In my wide format department, we can take two totally identical looking RGB and CMYK files and print them using different input ICC profiles, and the output will be as much as 25% different!

One thing you can try to do is design in RGB, convert to CMYK in Photoshop, and then convert back to RGB before saving. See if this helps you get a more consistent screen-to-print result


----------



## dot-tone (Jun 19, 2008)

I do not dispute what Treefox says. I will only add to that.
Not listed in order of importance.

1, We (as an industry service provider) receive art files from many sources. One important source is another design house. They will most often refer to pantone colors when creating art. This is not to say that all customers want PMS matches but some do and this part (for those who do require matches) Keeping the art in RGB is critical. This allows your DTG rip to do it's job. If we were to make adjustments outside the DTG preferred settings (inside photoshops color settings for example), results wold be unpredictable as they tend to conflict with the DTG settings. This more so involves people who want to match the original art as best they can. Many DTG owner just load the file and print. However it comes out is what they get. Thats ok also, if that fits your business model.

2, Again connecting the process with pantone colors, creating your art in RGB with vibrant colors or not, is closer matched in print when compared to many of the PANTONE colors. Pantone has specific ink formulations that can be achieved in print using these custom colors. Many will more more accurate to RGB colors used (when compared to CMYK color conversions. You've heard before that CMYK can give you many many colors, but also is limited in the window of available colors in print. It it does not allow for colors that are way outside the gamut. The link here has a good image example of pantone gamut and CMYK gamut.

MMP - Print Design Mail: Color Theory & Color Profiles

Added to the discussion of color gamut (as seen in the above image example is the RGB color gamut and the human eye gamut. Our eyes are capable of extending far beyond what can be printed or even seen on screen in RGB.

When you leave your file in RGB, you are more so allowing the DTG RIP to do it's best. If you were to convert to CMYK, you are 1st stripping out potential color than could be achieved in the DTG print process. 2ndly, your specific settings inside Photoshop can potentially compound this result.

If you design or create the art in CMYK, you are more accustom to the color limits. A take away of this is that you are not reaching your full potential in image vibrancy.

Have you ever wondered why screen printers will print a 10 color simulated process print over only 4 colors in CMYK? The reason depends on the job request. If you do not own a DTG printer and are only doing 200 white shirts, with full color art, then you may want to screen print it using CMYK (if the customer is not that picky about the image).

If it's for a larger production run, while they will use more colors, in setup and production time, they may choose to do sim process to *A*, be more consistent with the printed image during longer runs in production and *B,* to reproduce the image more accurately. I'd guess that for medium to large volume shops, 95% or more of multi color images are ran in simulated process.

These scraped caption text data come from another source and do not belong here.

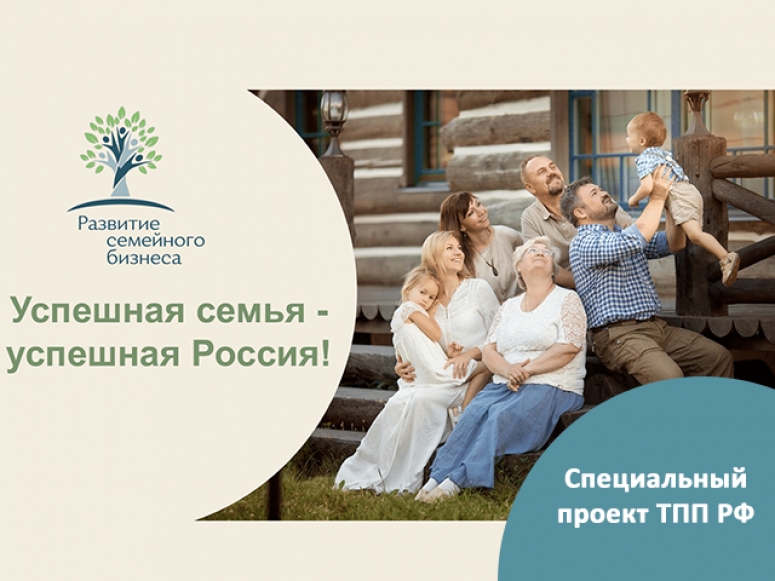 Второй форум семейного предпринимательства «Успешная семья – успешная Россия!»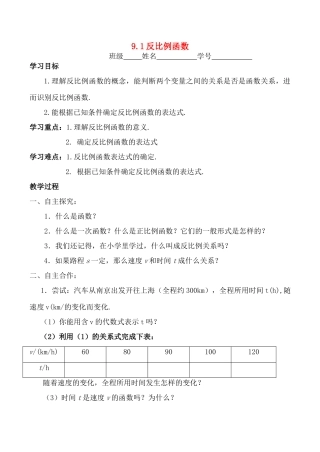 江苏省沭阳县怀文初级中学八年级数学下《反比例函数》教案新人教版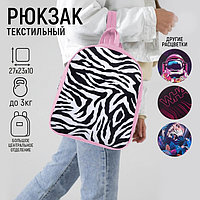 Рюкзак текстильный "Зебра", 27*10*23 см, розовый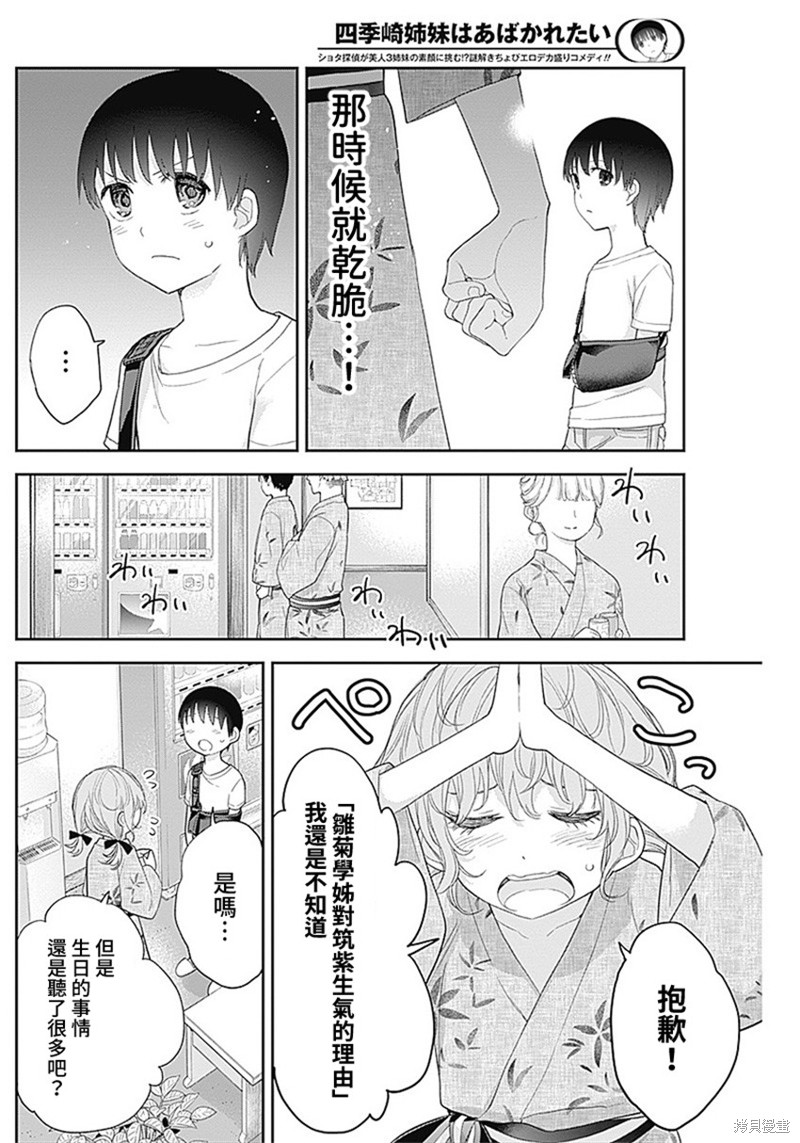 《四季崎姐妹们好想被人揭穿》漫画最新章节第27话免费下拉式在线观看章节第【5】张图片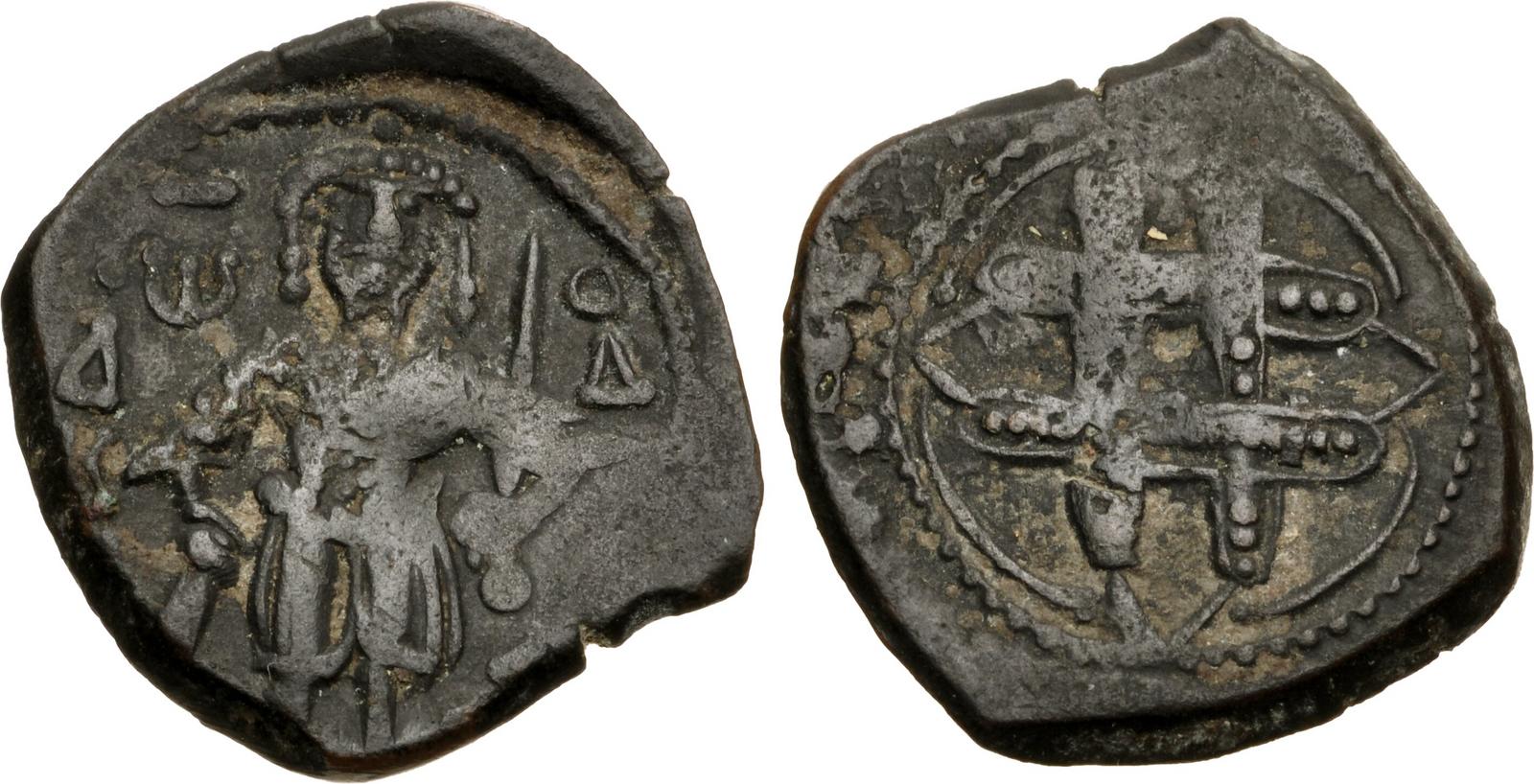 Goodacre collection John III Ducas Vatatzes AE Tetarteron Ex CNG 504 (2021 Nov 17), Lot 556.jpg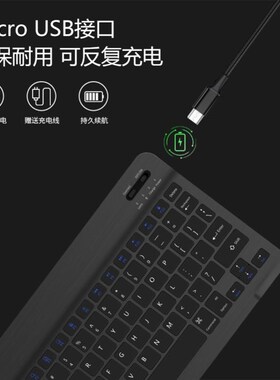 Mini Bluetooth Wireless Keyboard Android ios Windows charge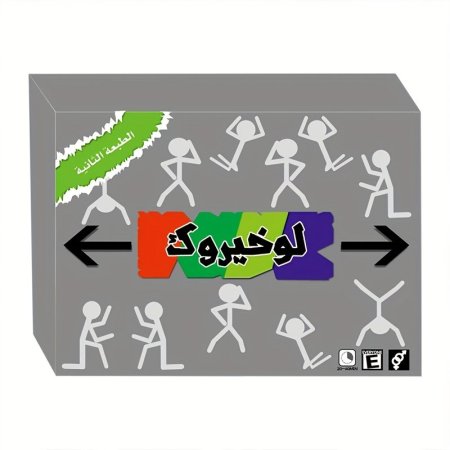 لو خيروك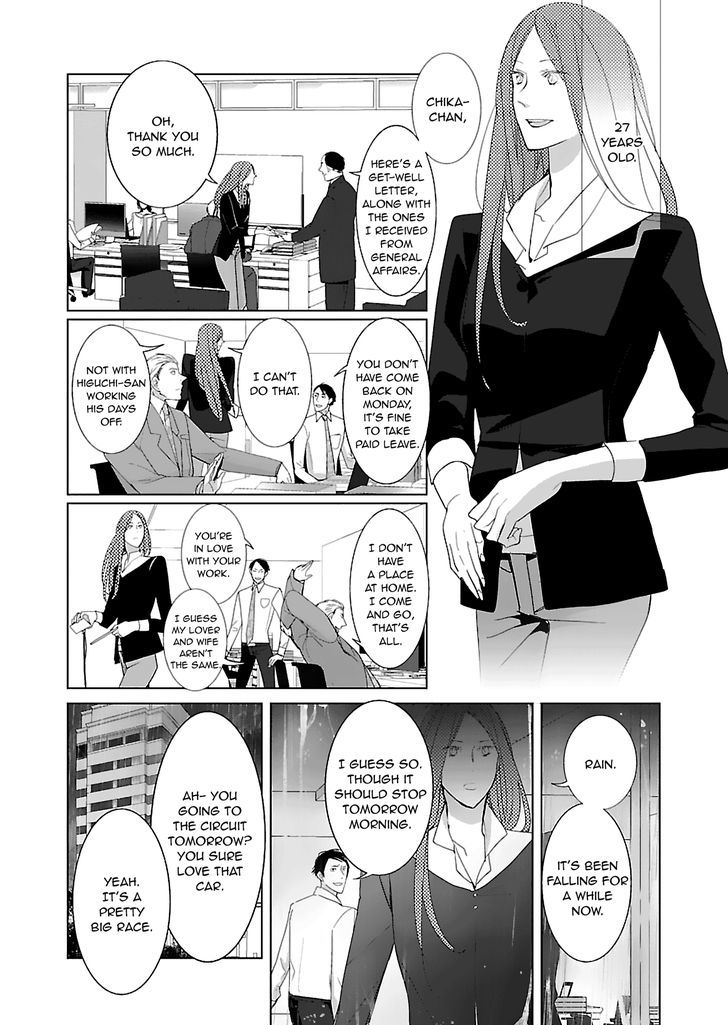 Tonari no Robot Chapter 8 page 4 - Chapter 8
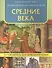 Средние века: путеводитель для любознательных - 0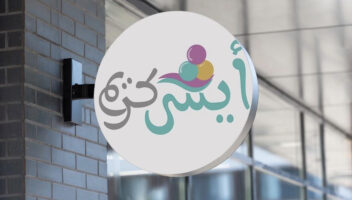 نموذج أعمال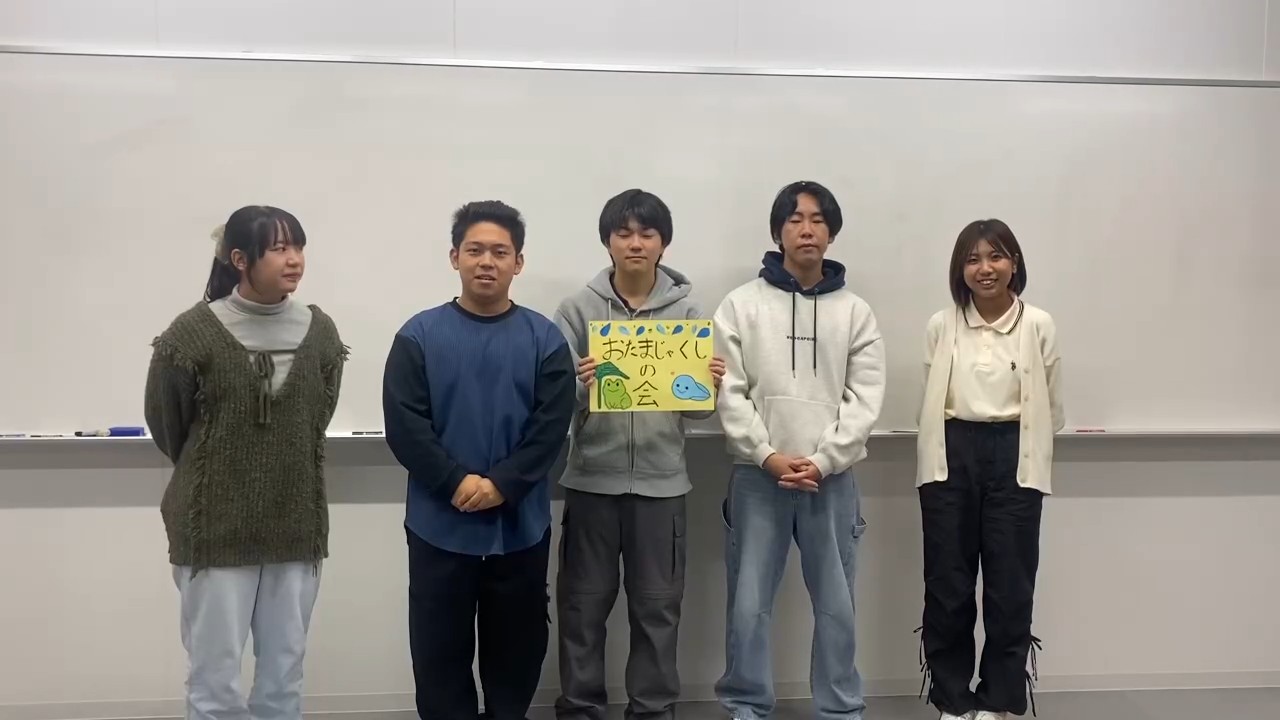 おたまじゃくしの会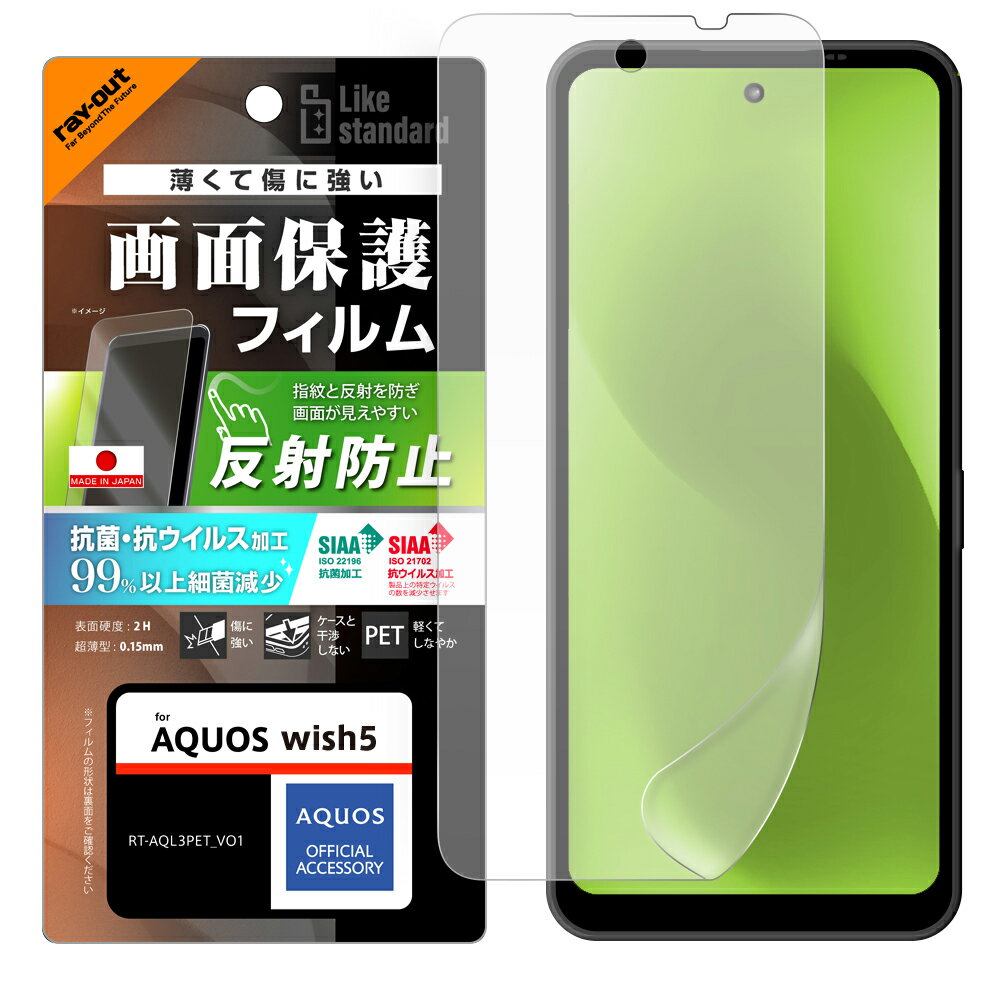 AQUOS wish5 ե SH-52F A502SH SH-M32 վݸ PET ȿɻ ݡ륹 ʿݸ ɻ   å5 С wish5  å5 ޥۥե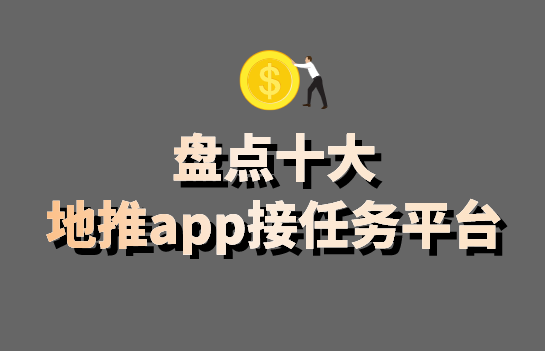 地推app拉新一手資源哪裡找盤點十大地推app接任務平臺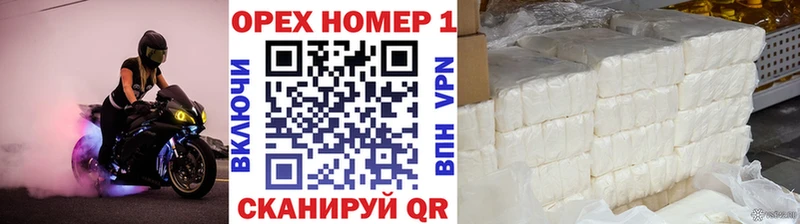 COCAIN Перу  Новый Уренгой 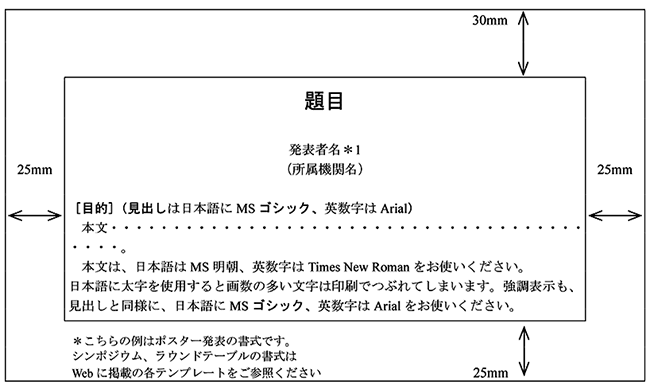 ポスター発表Wordマージン・書式例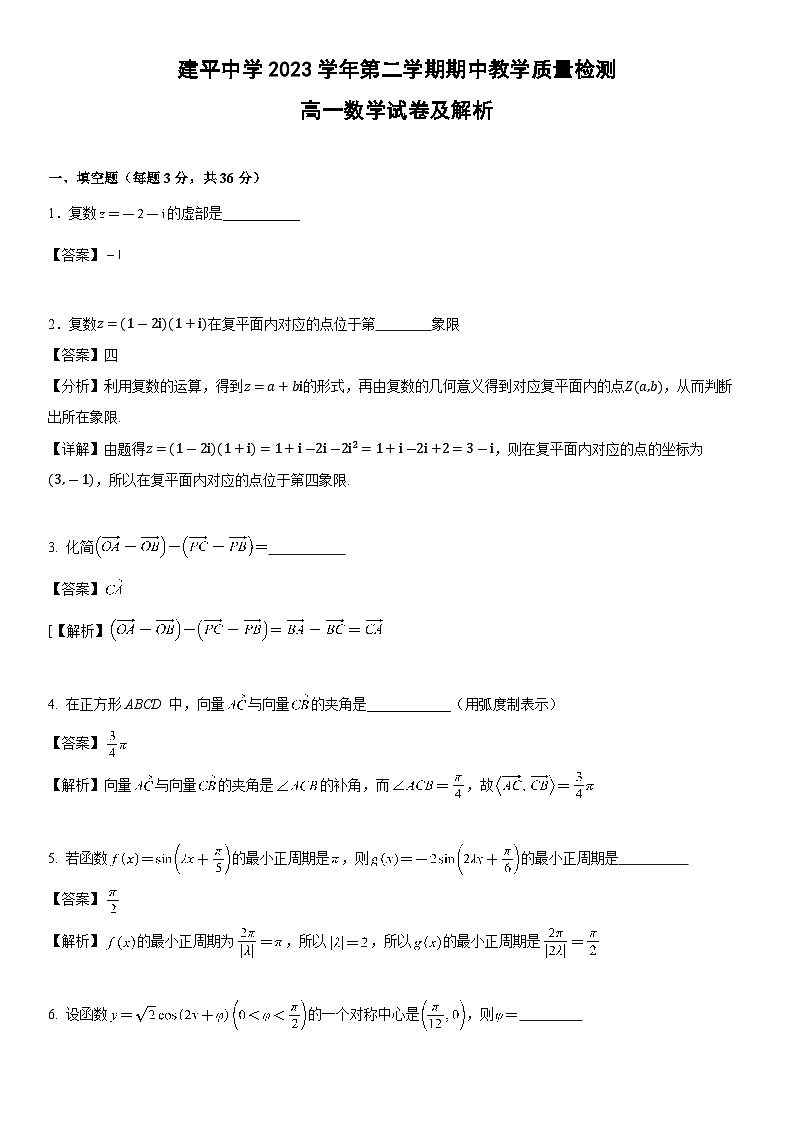 完整期中考试高一数学参考答案第1页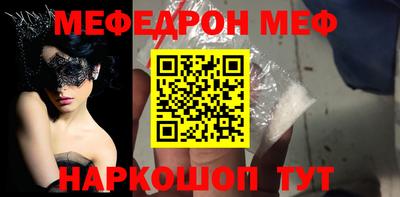 MDMA Premium VHQ Партизанск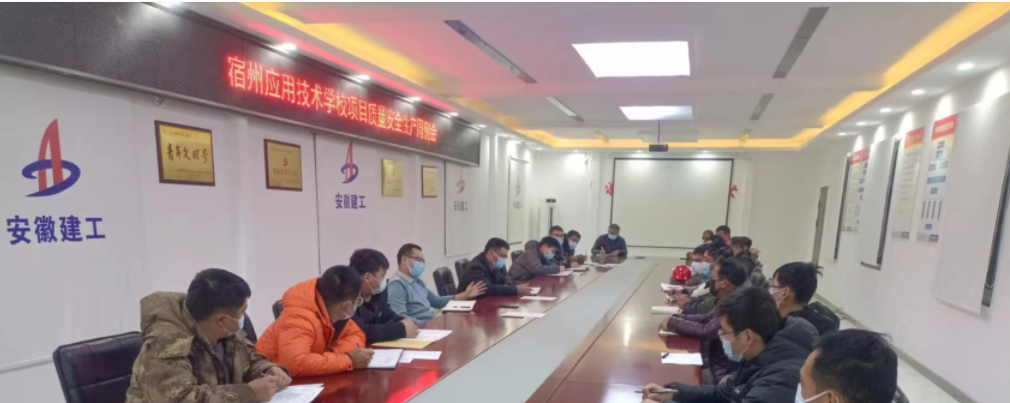 emc易倍·(中国大陆)官方网站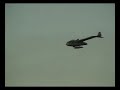 Blohm & Voss BV 215 Blohm & Voss BV 215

All of this applied to both DTG printing and traditional screen printing. Most screen printers know to start out creating the art in RGB.

As I touched on above, is the fact that once you convert (from) RGB, to CMYK, your additional color data (the wide gamut) is stripped out and _cannot_ be added back in once converted. The idea of converting back to RGB becomes fruitless.

Lastly, RGB files provide a wider option of editable filters and effects that you might apply while designing. A CMYK file will also allow you to still use "some" of those filters and effects but have slightly different results. Additionally, once you convert to CMYK from RGB, some of those filters may still be there for you to use, but are no longer _editable_.

Getting into color setting and how they play a part is yet another lengthly discussion.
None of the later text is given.